The same basic modelling is used for all classifications. In essence, this relies on SKOS to model items, their properties and the hierarchical structure of the classification, and on XKOS to model pieces of information that are specific to statistical classifications.
The SKOS backbone
Here a summary table of the SKOS elements used, together with the information they model:
|Classification's elements||SKOS elements|
|Hierarchy: item A is more general than item B||
URI_A skos:broader URI_B
|Hierarchy: B is more specific than A||
URI_B skos:narrower URI_A
|1-1 correspondence between A, B||
URI_A skos:exactMatch URI_B
|1-n, n-1, n-n correspondences||
More in details:
A single classification (version of):
- rendered as one or more skos:ConceptScheme. More details are given for each specific classification.
- Its URI is formed by concatenating our domain name + the classification acronym + the classification's version (e.g. "domain name" / "cpc" / "cpc_v2.0")
- rendered as a skos:Concept
- its URI is formed by concatenating our domain name + the items' code.
- Note: if the code contains "dots" (".") they are replaced with "hyphens" ("-").
- Each skos:Concept is given the following properties:
- titles in English or other languages when available, expressed using the property skos:prefLabel, with appropriate language tag
- an explanatory note (skos:scopeNote)
- codes are values of the property skos:notation
- rendered by means of skos:narrower and skos:broader.

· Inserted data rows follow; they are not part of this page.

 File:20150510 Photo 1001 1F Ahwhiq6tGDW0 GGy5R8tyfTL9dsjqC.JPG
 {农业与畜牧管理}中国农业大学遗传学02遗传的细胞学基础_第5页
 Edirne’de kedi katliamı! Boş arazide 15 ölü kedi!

The graphic below exemplifies this (for simplicity, the picture only shows skos:broader, and for each concept, it only shows one skos:prefLabel and its skos:notation):
Correspondences are rendered in two ways:
with SKOS, using the properties skos:exactMatch (for 1-1 mappings) and skos:closeMatch (for all other mappings).

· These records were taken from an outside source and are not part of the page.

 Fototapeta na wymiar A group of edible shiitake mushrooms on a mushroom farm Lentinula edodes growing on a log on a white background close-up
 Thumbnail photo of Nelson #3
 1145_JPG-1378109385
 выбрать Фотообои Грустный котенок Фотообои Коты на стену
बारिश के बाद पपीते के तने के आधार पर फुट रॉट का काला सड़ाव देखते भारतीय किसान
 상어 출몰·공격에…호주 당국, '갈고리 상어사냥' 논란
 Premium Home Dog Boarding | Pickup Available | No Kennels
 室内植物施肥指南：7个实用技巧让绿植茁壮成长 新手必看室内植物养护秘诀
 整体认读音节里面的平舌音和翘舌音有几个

- with XKOS, using the specific constructs dedicated to rendering correspondences between statistical classifications.
Note that while SKOS matching properties are stated at the level of corresponding items only, XKOS makes explicit statements about the classifications involved in the mapping. Therefore, if only SKOS is used, the information that correspondences exist between classifications A and B must be "inferred" from the data (i.e., at least one triple exist having skos:exactMatch or skos:closeMatch as predicate). On the contrary, if XKOS is used, that very same piece of information is made explicity by an entity of rdf:type xkos:Correspondence. In short, XKOS is more oriented to be consumed programmatically, by computer applications.
The comment above should make clear the reason for adopting the double formalization of SKOS and XKOS. Let's take a closer look at the XKOS constructs featuring in XKOS v1.0
- Instances of the class xkos:Correspondence - representing a pair of classifications for which correspondences exist.

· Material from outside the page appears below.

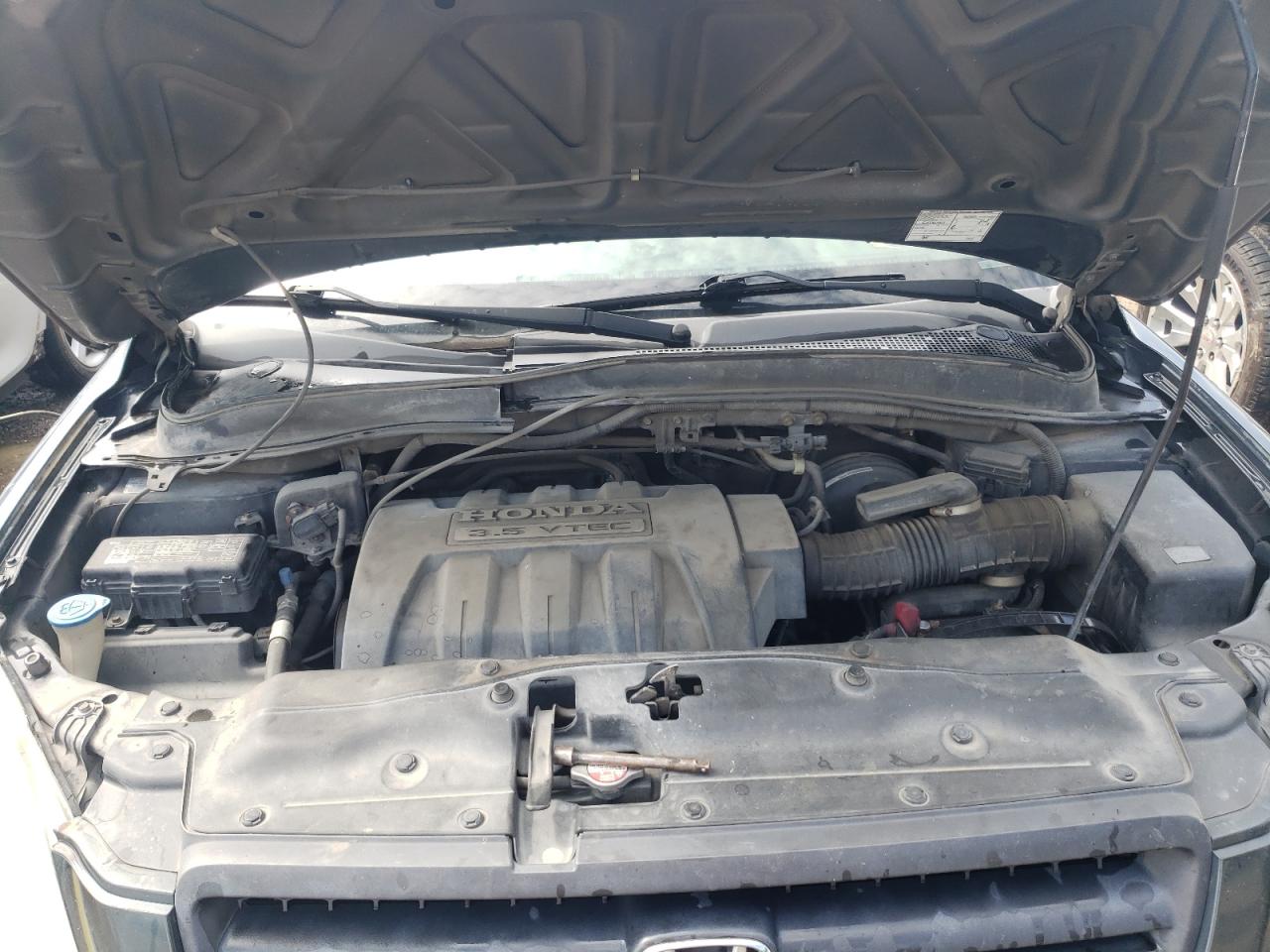 2005 Honda Pilot Exl VIN: 5FNYF18515B039714 Lot: 64405694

- Property xkos:compares - to link an instance of xkos:Correspondence to the two classifications (skos:ConceptScheme) involved in the mapping.
- Instances of the class xkos:ConceptAssociation - to represent the actual items involved in the correspondence.
- Property skos:madeOf - to link together a correspondence with all actual correspondences established.
- xkos:source and xkos:target (Properties) specify, for each concept associations, its source and target items.
The picture below provides a simplified view of the XKOS modelling just described in words.
The picture above represents the mapping established from two classifications, "Classification A" and "Classification B", consisting of only one actual correspondence "CorrA-B_1". The right most side of the graphics shows the two items involved in the mapping ("Item_a" and "Item_b", belonging to "Classification A" and "Classification B" respectively).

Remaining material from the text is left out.